Sixteen (73%) adults with ID used pads for their incontinence, two of whom also used a bed mat for protection during the night.
2.2. Ethical Approval
Ethical approval was granted by the national Scotland A research ethics committee. Written consent was obtained from seven participants with ID and 15 nearest relatives on the participants' behalf. All participants were able to withdraw from the study at any time, if they chose to do so, and all were encouraged to participate with assistance from a supporter who knew them well, to ensure their rights, wishes, responses and willingness to continue or not was observed and respected at all times.
2.3. Project Materials
The accessible project information and consent forms, which included easy language, pictures and symbols, were developed by the research team and reviewed by two parents of people with ID. The home visit research interview schedule was developed by the research team, to collect personal and demographic information, as well as information about the person's incontinence and toileting issues. The schedule included both closed and open questions. A copy of all project materials is available from the authors.
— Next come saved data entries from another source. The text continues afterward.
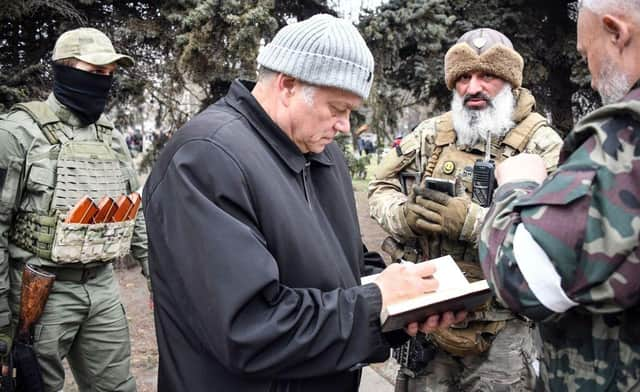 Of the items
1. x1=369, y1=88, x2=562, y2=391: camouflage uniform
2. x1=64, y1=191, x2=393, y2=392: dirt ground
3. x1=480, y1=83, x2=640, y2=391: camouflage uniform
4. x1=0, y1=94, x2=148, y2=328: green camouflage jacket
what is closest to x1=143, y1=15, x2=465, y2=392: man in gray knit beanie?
x1=480, y1=83, x2=640, y2=391: camouflage uniform

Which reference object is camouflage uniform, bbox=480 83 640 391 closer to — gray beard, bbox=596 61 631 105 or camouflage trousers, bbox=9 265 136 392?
gray beard, bbox=596 61 631 105

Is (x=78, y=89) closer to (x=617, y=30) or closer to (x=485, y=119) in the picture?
(x=485, y=119)

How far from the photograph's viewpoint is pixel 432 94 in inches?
241

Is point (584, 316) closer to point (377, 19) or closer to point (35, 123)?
point (35, 123)

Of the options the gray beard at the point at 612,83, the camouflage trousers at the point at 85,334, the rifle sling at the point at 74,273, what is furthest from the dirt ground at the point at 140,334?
the gray beard at the point at 612,83

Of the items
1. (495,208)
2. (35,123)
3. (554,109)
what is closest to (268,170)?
(495,208)

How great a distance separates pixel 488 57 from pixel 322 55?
1535mm

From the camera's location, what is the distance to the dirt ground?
4129 millimetres

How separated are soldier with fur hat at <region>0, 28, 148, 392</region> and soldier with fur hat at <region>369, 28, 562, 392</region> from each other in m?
1.61

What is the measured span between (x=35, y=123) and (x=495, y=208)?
8.36 ft

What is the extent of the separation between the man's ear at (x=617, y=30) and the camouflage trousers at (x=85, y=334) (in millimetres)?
2794

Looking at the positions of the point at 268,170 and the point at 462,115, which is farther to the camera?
the point at 462,115

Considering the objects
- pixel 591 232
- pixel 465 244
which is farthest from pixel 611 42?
pixel 465 244

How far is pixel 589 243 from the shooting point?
1.18 meters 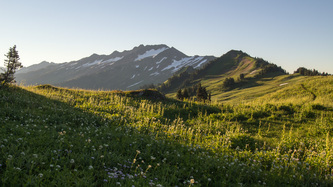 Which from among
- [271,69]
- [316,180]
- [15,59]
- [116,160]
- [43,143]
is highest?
[271,69]

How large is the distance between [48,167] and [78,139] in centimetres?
189

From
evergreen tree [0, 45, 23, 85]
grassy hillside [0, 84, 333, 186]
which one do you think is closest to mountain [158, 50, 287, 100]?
evergreen tree [0, 45, 23, 85]

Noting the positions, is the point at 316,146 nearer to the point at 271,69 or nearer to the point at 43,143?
the point at 43,143

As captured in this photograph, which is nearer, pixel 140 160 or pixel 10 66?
pixel 140 160

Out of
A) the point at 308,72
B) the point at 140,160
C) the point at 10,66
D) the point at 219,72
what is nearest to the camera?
the point at 140,160

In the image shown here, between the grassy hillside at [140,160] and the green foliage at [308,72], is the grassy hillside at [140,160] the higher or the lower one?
the lower one

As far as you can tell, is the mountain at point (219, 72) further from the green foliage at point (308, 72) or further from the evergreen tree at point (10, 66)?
the evergreen tree at point (10, 66)

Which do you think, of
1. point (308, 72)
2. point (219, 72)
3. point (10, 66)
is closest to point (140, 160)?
point (10, 66)

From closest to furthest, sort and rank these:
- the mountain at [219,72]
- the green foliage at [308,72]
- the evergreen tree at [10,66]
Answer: the evergreen tree at [10,66], the green foliage at [308,72], the mountain at [219,72]

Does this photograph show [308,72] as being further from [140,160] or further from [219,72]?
[140,160]

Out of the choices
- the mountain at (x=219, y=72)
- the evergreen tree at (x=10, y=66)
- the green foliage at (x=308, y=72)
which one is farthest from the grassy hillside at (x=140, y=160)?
the mountain at (x=219, y=72)

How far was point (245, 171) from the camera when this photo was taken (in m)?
5.27

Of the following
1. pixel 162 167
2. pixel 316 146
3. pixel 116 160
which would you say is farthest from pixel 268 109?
pixel 116 160

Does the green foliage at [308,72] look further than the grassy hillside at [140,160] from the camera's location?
Yes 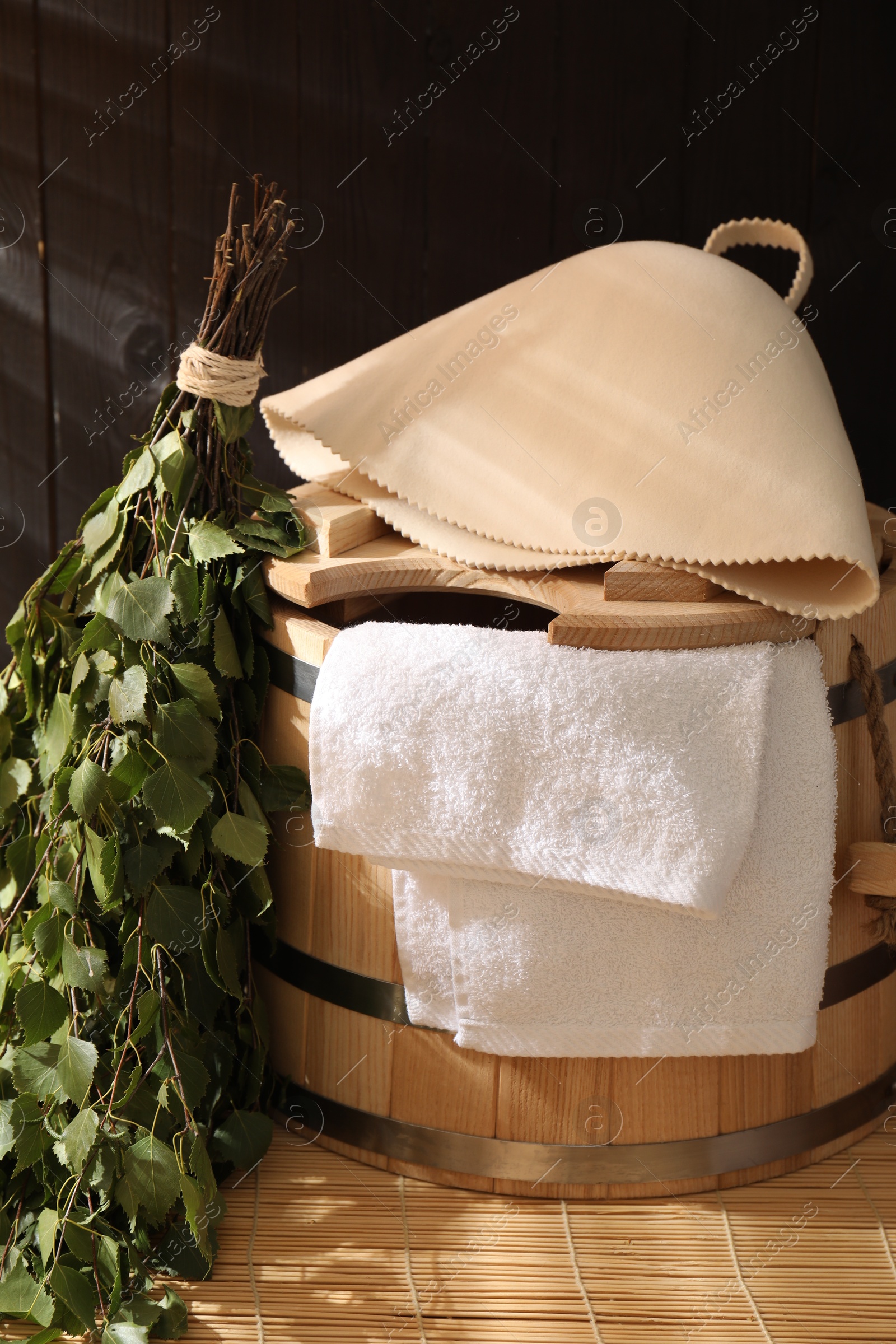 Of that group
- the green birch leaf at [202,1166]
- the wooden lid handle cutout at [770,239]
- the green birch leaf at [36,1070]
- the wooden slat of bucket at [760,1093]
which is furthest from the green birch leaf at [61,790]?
the wooden lid handle cutout at [770,239]

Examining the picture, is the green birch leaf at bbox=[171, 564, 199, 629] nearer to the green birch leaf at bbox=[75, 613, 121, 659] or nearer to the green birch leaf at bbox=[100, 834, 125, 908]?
the green birch leaf at bbox=[75, 613, 121, 659]

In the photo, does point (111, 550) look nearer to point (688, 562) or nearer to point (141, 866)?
point (141, 866)

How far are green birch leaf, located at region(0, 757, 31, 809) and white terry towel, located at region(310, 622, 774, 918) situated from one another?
0.39 m

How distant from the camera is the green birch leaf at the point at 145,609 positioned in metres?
1.05

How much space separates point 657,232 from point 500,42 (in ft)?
1.00

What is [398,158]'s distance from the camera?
1536 millimetres

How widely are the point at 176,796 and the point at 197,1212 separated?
0.34 metres

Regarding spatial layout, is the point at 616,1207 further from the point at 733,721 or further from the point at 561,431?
the point at 561,431

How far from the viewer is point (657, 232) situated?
1558 millimetres

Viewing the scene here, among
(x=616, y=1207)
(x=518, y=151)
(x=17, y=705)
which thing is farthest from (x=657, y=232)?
(x=616, y=1207)

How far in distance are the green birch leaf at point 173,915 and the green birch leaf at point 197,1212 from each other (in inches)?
7.6

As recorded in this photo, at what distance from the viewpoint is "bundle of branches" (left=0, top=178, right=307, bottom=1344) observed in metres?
1.00

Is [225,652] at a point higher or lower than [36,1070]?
higher

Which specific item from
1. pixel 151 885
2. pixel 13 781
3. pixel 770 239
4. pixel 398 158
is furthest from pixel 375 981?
pixel 398 158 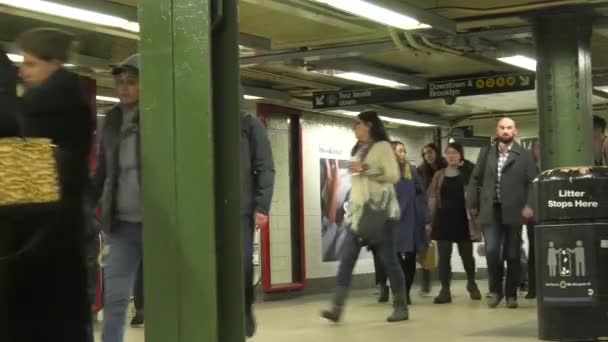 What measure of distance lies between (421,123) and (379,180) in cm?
944

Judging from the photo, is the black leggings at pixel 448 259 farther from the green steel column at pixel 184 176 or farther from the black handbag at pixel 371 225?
the green steel column at pixel 184 176

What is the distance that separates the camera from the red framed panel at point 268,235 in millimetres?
14328

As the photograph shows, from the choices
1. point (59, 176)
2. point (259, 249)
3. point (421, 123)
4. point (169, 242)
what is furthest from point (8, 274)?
point (421, 123)

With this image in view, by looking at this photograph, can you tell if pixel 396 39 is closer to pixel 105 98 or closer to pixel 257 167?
pixel 257 167

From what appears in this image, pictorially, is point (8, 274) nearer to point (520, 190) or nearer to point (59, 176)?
point (59, 176)

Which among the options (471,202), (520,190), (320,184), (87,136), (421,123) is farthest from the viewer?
(421,123)

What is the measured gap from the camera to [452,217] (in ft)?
39.8

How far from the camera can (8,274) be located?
3.49m

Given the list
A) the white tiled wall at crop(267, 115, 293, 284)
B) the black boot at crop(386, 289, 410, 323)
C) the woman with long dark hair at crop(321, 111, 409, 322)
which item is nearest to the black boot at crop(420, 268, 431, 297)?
the white tiled wall at crop(267, 115, 293, 284)

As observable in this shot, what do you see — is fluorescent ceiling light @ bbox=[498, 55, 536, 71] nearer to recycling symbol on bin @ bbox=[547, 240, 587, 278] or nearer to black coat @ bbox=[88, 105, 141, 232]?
recycling symbol on bin @ bbox=[547, 240, 587, 278]

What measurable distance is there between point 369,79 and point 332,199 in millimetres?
3320

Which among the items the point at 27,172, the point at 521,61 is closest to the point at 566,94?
the point at 521,61

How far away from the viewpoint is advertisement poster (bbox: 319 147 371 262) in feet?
52.6

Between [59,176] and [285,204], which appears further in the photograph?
[285,204] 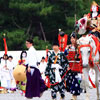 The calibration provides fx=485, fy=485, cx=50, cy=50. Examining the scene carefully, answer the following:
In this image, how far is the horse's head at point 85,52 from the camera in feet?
40.4

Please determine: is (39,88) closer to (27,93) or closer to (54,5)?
(27,93)

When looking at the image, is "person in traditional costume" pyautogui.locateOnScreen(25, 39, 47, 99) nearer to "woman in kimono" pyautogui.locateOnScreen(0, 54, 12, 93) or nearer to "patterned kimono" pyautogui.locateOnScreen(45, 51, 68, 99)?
"patterned kimono" pyautogui.locateOnScreen(45, 51, 68, 99)

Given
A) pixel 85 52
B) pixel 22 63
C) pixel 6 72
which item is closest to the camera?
pixel 85 52

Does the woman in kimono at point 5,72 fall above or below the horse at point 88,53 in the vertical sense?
below

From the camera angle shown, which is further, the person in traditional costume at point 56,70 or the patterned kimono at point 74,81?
the patterned kimono at point 74,81

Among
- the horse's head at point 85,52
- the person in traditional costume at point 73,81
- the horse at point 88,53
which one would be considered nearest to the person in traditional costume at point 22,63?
the person in traditional costume at point 73,81

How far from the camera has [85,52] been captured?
40.7ft

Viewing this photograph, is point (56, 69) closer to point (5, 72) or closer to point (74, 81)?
point (74, 81)

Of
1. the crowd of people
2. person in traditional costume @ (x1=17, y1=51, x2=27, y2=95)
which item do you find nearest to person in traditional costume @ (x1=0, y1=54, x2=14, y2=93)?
person in traditional costume @ (x1=17, y1=51, x2=27, y2=95)

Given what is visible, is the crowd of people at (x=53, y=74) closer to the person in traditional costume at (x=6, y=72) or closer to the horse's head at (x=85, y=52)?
the horse's head at (x=85, y=52)

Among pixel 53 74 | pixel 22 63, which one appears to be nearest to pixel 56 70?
pixel 53 74

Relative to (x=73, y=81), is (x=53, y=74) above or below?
above

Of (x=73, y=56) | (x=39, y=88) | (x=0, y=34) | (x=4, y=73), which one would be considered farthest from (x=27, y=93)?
(x=0, y=34)

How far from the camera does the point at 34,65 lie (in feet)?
43.5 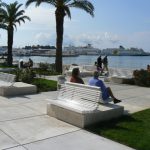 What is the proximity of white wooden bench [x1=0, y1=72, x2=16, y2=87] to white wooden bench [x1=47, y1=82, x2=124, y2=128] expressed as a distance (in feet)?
13.0

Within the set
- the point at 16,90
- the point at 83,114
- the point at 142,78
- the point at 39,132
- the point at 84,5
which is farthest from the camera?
the point at 84,5

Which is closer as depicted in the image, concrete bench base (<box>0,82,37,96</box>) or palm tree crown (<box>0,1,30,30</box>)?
concrete bench base (<box>0,82,37,96</box>)

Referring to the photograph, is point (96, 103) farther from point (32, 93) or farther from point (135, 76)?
point (135, 76)

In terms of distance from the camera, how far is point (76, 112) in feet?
24.7

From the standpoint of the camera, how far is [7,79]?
12.8 m

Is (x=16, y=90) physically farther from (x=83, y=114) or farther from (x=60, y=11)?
(x=60, y=11)

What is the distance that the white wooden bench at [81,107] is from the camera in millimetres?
7438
The International Prostate Symptom Score (IPSS) (Barry et al. 1992) to score any urinary tract symptoms and the International Consultation on Incontinence Questionnaire – Urinary Incontinence (ICIQ‐UI) (Avery et al. 2004) to assess severity of any UI symptoms and their impact on quality of life were completed with each participant. Both tools are valid and reliable measures, which are used widely with men and women across clinical and research settings (Booth et al. 2018; Lim et al. 2017). The Profile of Toileting Issues (POTI) Checklist (Matson, Horovitz, and Sipes 2011a) was also completed with each participant.
Participants, with their supporters, were asked to complete daily fluid intake charts over the next 72 h. Each participant was also invited to provide a urine sample, to screen for a UTI, and bladder scans to screen for weak bladder, and PVUR.
Urine samples were collected in specimen containers, then returned to the university laboratory for immediate analysis, to screen for the presence of a UTI. Urine sample results were categorised according to current UK standards for investigating urine (Public Health England 2019). A portable Caresono bladder scanner was used to scan the person's bladder twice: prevoiding to measure bladder volume and postvoiding to check for PVUR. A healthy bladder volume for adults is between 300 and 400 mL (Lukacz et al. 2011). Bladder retention over 200 mL indicates inadequate emptying, over 300 mL is suggestive of PVUR and over 400 mL is considered PVUR (Ballstaedt, Leslie, and Woodbury 2024).
2.4. Analysis
Data were entered on to an IBM SPPSS version 28 dataset, which was used to generate frequency and descriptive statistics. No inferential statistical analysis was conducted due to the small sample size. All numbers were rounded to the nearest whole number so may not add up to 100% in all cases.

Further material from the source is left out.